图 6.2: P-value histogram. We show a simulated case in which all null hypotheses are true (left) and p-values from the gene expression described above.

When we expect most hypotheses to be null and don’t see a uniform p-value distribution, it might be indicative of unexpected properties, such as correlated samples.

If we permute the outcomes and calculate p-values then, if the samples are independent, we should see a uniform distribution.
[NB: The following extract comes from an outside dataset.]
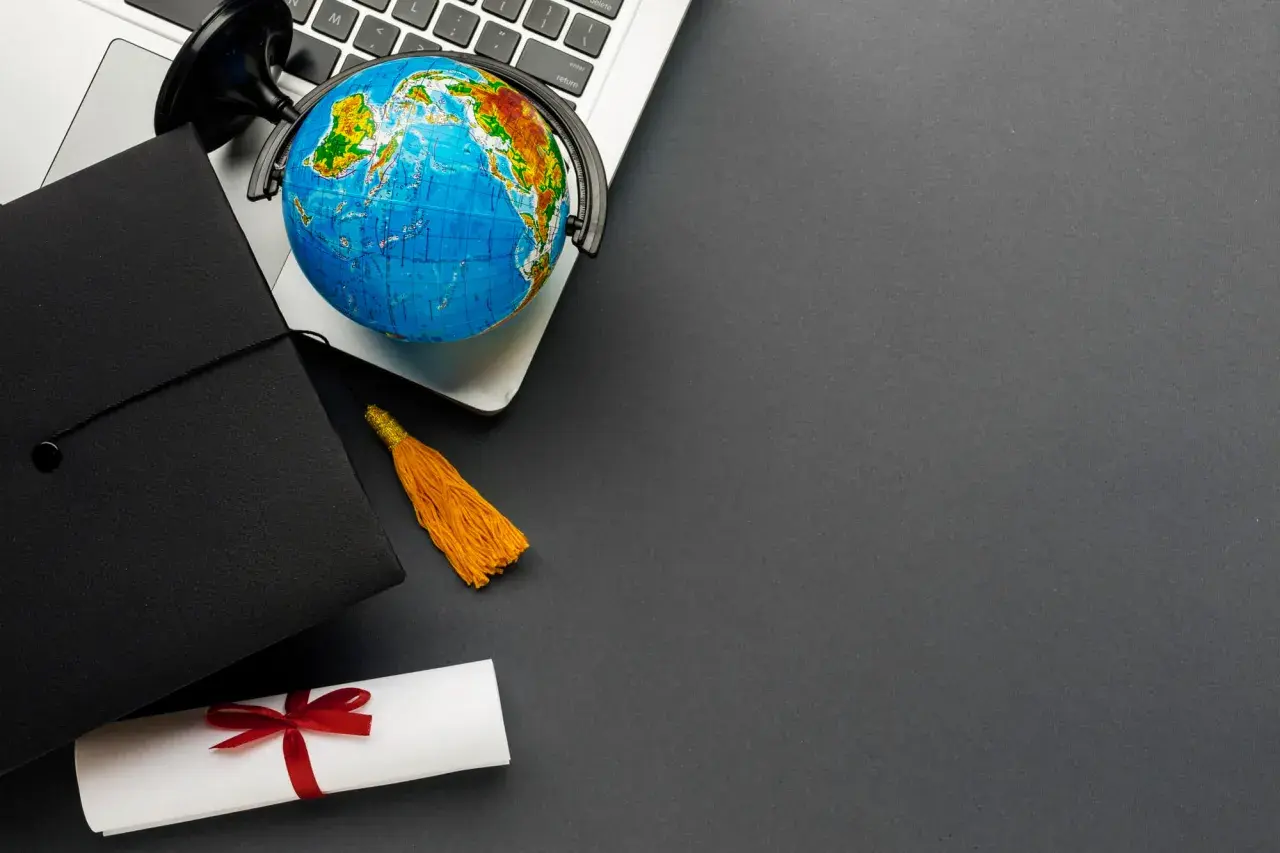 Dyplom, czapka absolwenta i globus na laptopie symbolizują globalne wykształcenie i nostryfikację.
With these data we do not:

permg <- sample(g)
permresults <- rowttests(geneExpression,permg)
hist(permresults$p.value)
Histogram obtained after permuting labels.
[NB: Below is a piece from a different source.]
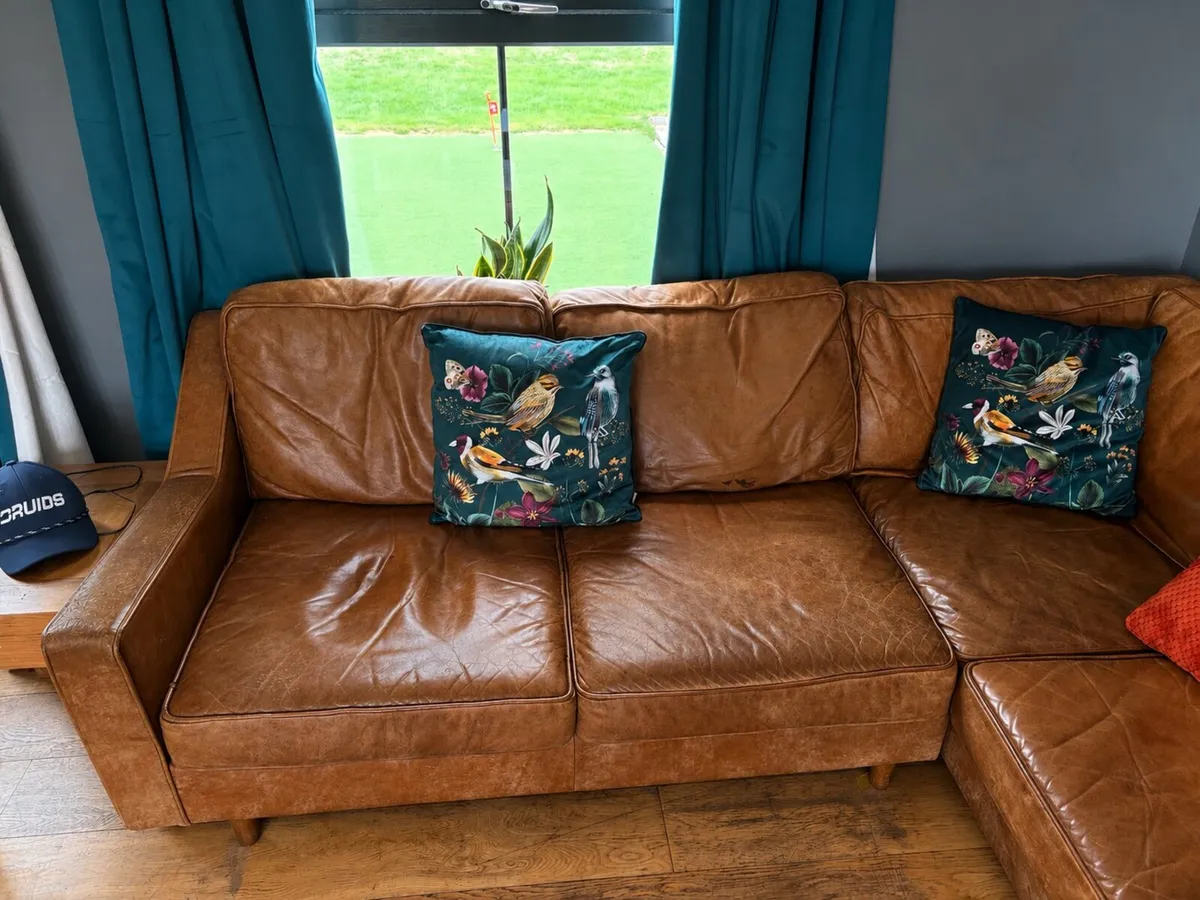 Tan leather corner sofa. Open to offers - Image 2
图 6.3: Histogram obtained after permuting labels.

In a later chapter we will see that the columns in this dataset are not independent and thus the assumptions used to compute the p-values here are incorrect.
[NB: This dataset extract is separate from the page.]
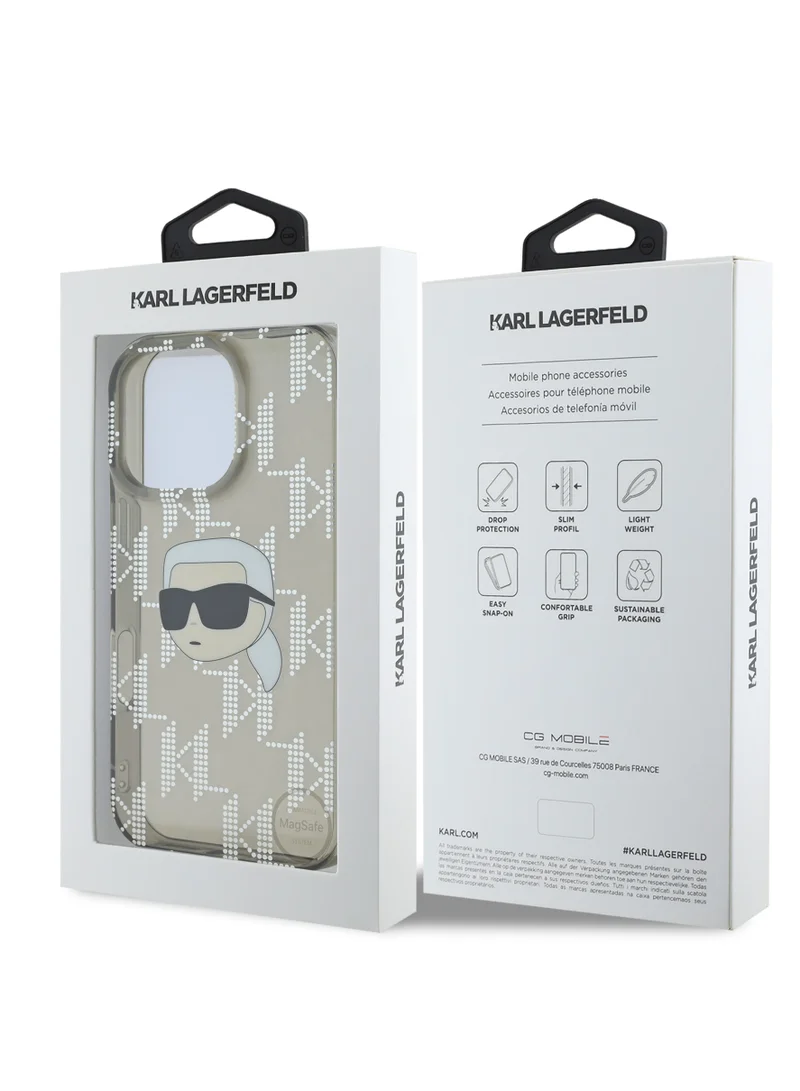 Karl Lagerfeld iPhone 16 Pro Max Case IML Hard Cover with Electroplated Karl Head & Monogram Design/ Drop protection / Slim Profile / Easy Snap-On / Comfortable Grip-Black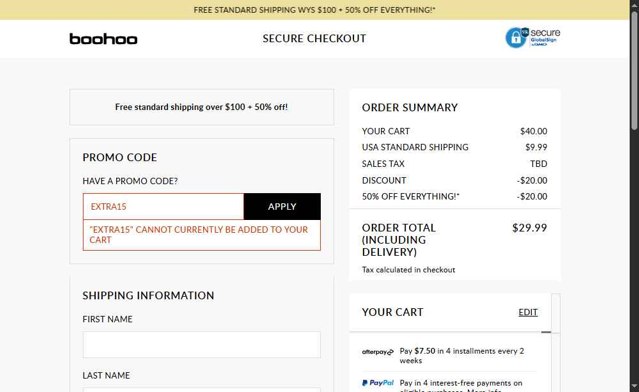 Boohoo US checkout page showing Boohoo US coupon code box | Screenshot taken by SimplyCodes community member on May 7, 2025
6.8.0.3 Data boxplots and histograms

With high-throughput data, we have thousands of measurements for each experimental unit. As mentioned earlier, this can help us detect quality issues. For example, if one sample has a completely different distribution than the rest, we might suspect there are problems. Although a complete change in distribution could be due to real biological differences, more often than not it is due to a technical problem. Here we load a large gene expression experiment available from Bioconductor. We “accidentally” use log instead of log2 on one of the samples.

library(Biobase)
library(GSE5859) 
data(GSE5859) 
ge <- exprs(e) ##ge for gene expression
ge[,49] <- ge[,49]/log2(exp(1)) ##imitate error

A quick look at a summary of the distribution using boxplots immediately highlights the mistake:

library(rafalib)
mypar(1,1)
boxplot(ge,range=0,names=1:ncol(e),col=ifelse(1:ncol(ge)==49,1,2))
Boxplot for log-scale expression for all samples.

图 6.4: Boxplot for log-scale expression for all samples.

Note that the number of samples is a bit too large here, making it hard to see the boxes. One can instead simply show the boxplot summaries without the boxes:

qs <- t(apply(ge,2,quantile,prob=c(0.05,0.25,0.5,0.75,0.95)))
matplot(qs,type="l",lty=1)
The 0.05, 0.25, 0.5, 0.75, and 0.95 quantiles are plotted for each sample.

图 6.5: The 0.05, 0.25, 0.5, 0.75, and 0.95 quantiles are plotted for each sample.

We refer to this figure as a kaboxplot because Karl Broman was the first we saw use it as an alternative to boxplots.

We can also plot all the histograms. Because we have so much data, we create histograms using small bins, then smooth the heights of the bars and then plot smooth histograms. We re-calibrate the height of these smooth curves so that if a bar is made with base of size “unit” and height given by the curve at \(x_0\), the area approximates the number of points in region of size “unit” centered at \(x_0\):

mypar(1,1)
shist(ge,unit=0.5)
Smooth histograms for each sample.

图 6.6: Smooth histograms for each sample.

6.8.0.4 MA plot

Scatterplots and correlation are not the best tools to detect replication problems. A better measure of replication can be obtained from examining the differences between the values that should be the same. Therefore, a better plot is a rotation of the scatterplot containing the differences on the y-axis and the averages on the x-axis. This plot was originally named a Bland-Altman plot, but in genomics it is commonly referred to as an MA-plot. The name MA comes from plots of red log intensity minus (M) green intensities versus average (A) log intensities used with microarrays (MA) data.

x <- ge[,1]
y <- ge[,2]
mypar(1,2)
plot(x,y)
plot((x+y)/2,x-y)
Scatter plot (left) and M versus A plot (right) for the same data.

图 6.7: Scatter plot (left) and M versus A plot (right) for the same data.

Note that once we rotate the plot, the fact that these data have differences of about:

sd(y-x)
## [1] 0.2025

becomes immediate. The scatterplot shows very strong correlation, which is not necessarily informative here.

We will later introduce dendograms, heatmaps, and multi-dimensional scaling plots.